Remote teams face different challenges to those teams situated together. Even in the digital era and communication revolution, human beings still have a few basic needs to be emotionally healthy and psychologically satisfied. Essential for engagement and high performance.
I like the Human Givens emotional needs model. The basic idea is that all human beings have a set of emotional needs:
Meaning and Purpose Competence and Achievement Intimacy and Emotional Connection Community
Attention Exchange Privacy
Our Wellbeing requires each of these needs to be met in balance. Working together and social interactions goes some way to satisfy some of those needs. When we work remotely, we remove the workplace social interactions. This can lead to feelings of loneliness, fear of others, or negative self-esteem.
So, what steps can we take to make remote working feel smoother and more engaging without the face to face experience?
Keep people informed. Remember the SCARF model? Human beings need to feel certain of their future. To be able to predict what could happen next. Without this certainty we can feel anxious and stressed. This can prevent cognitive abilities, decision-making powers, and even interpersonal skills.
Digital communication is changing how we speak — think about text messages and emojis. And it’s affecting how we perceive what we hear, as the jumble of information coming at us can lead to misunderstandings and confusion.
When teams are remote, increase your communication. Focus on the bigger picture and their contribution, not simply on what’s new. Although employees have direct access to many sources of information too, don’t assume they’re fully informed.
Check in on a personal level. Human beings are social animals and working together goes a long way to satisfy those social needs. Working remotely could limit an individual’s ability to satisfy their social needs. When connecting with your team, check in and see how they are doing on a personal level.
Building trust is fundamental in any relationship. Even if you have previously worked well with someone, and believe you have a trusting relationship, working remotely can affect the strongest of relationships. Take a look at Canadian psychologist, Eric Berne’s Trust Pyramid. It’s an easy model to help you build and maintain trust in any relationship. Try switching remote communication to regular video calls, which are a much better vehicle for establishing rapport and creating empathy than either e-mails or voice calls.
Reflect on your emotional intelligence. You’ll probably know that emotional intelligence is an awareness that emotions drive our behaviour and impact people (positively and negatively). Emotional Intelligence reminds us to consider our potential impact on other people, know how to redirect our potential impact and be aware of other people’s emotional reactions.
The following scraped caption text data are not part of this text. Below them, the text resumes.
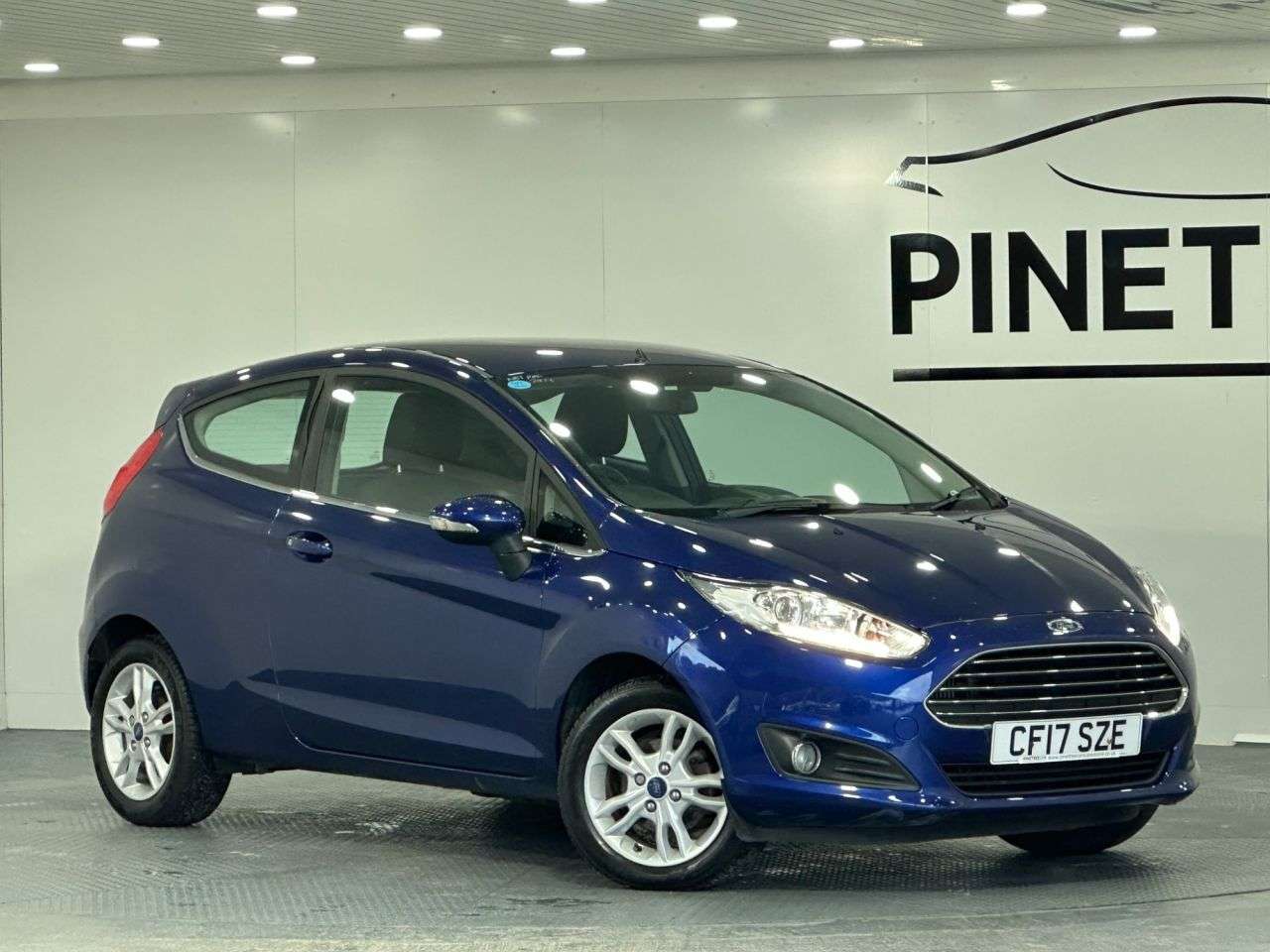 A 2017 FORD FIESTA 1.0T EcoBoost Zetec Hatchback 3dr Petrol Manual Euro 6 (s/s) (100 ps) A 2017 FORD FIESTA 1.0T EcoBoost Zetec Hatchback 3dr Petrol Manual Euro 6 (s/s) (100 ps)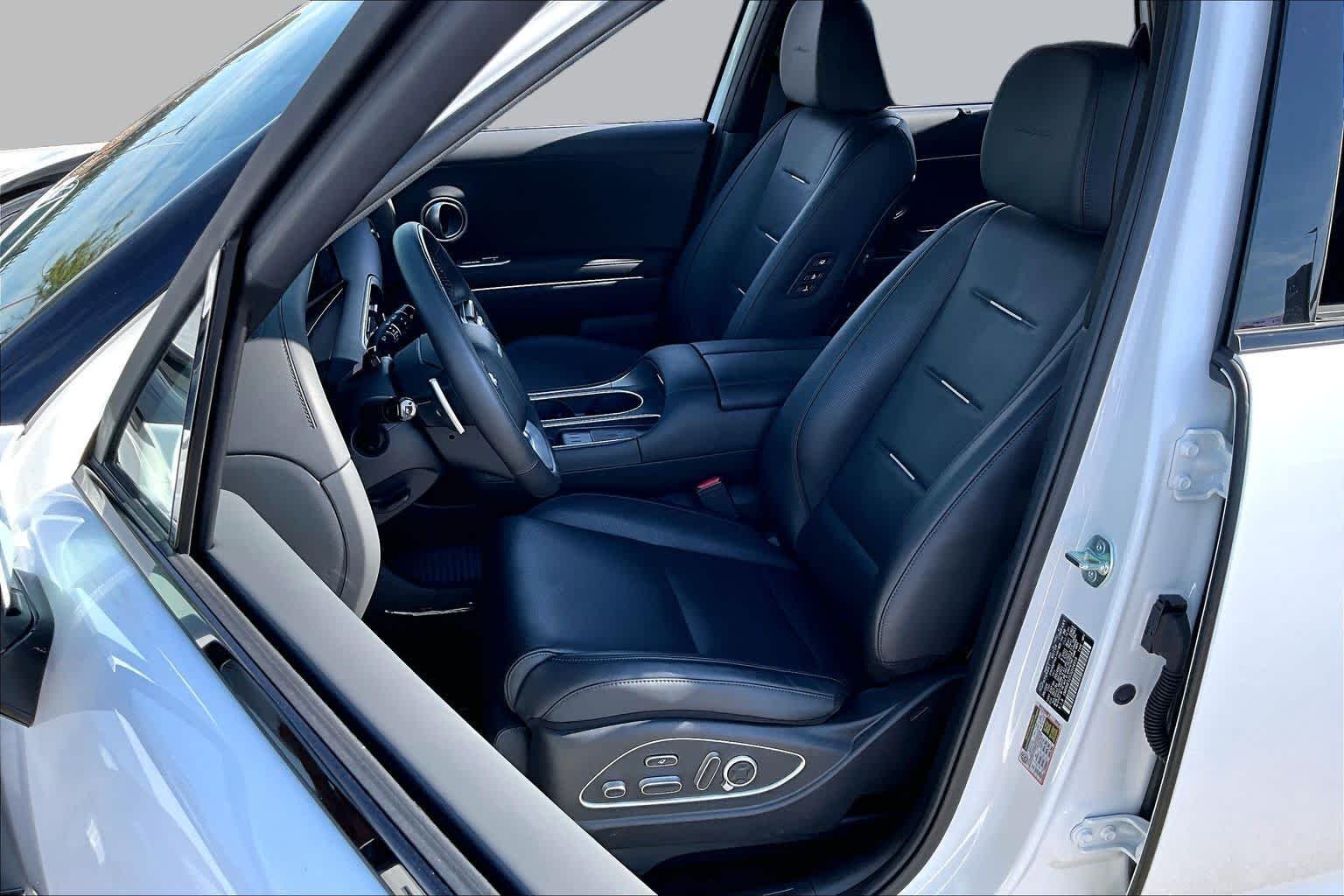 Certified Used 2026 Creamy White Pearl Hyundai Calligraphy image 8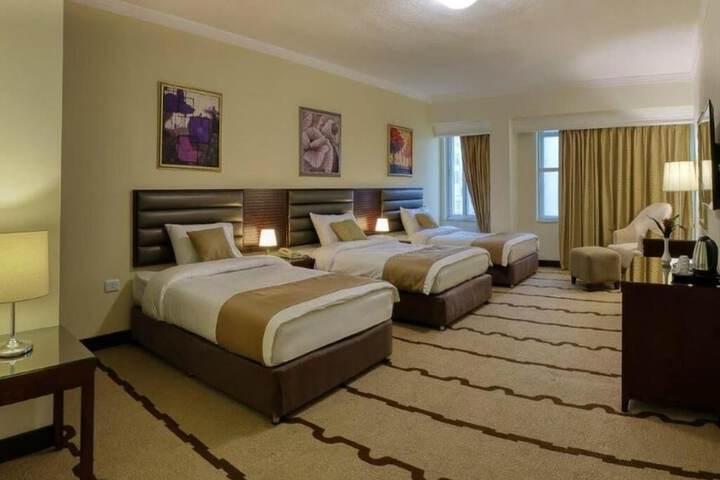 Room 7 of 35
Remote communication can distort the normal pace of our conversations. The delay between our messages can often hide emotional reactions to our comments, and we don’t have body language to help our understanding. We simply rely on our perceived tone of a text or email, which can be open to interpretation. Don’t assume that others understand your cues and shorthand. Spend the time to communicate with the intention of being ultra clear, no matter the medium.
Establish a communications routine. Remember how human beings need certainty to avoid a threat situation? Agree a routine of team or individual communications. An effective one is a morning “huddle” or informal video call for the whole team to check in and share priorities, focus areas and resolve blockers.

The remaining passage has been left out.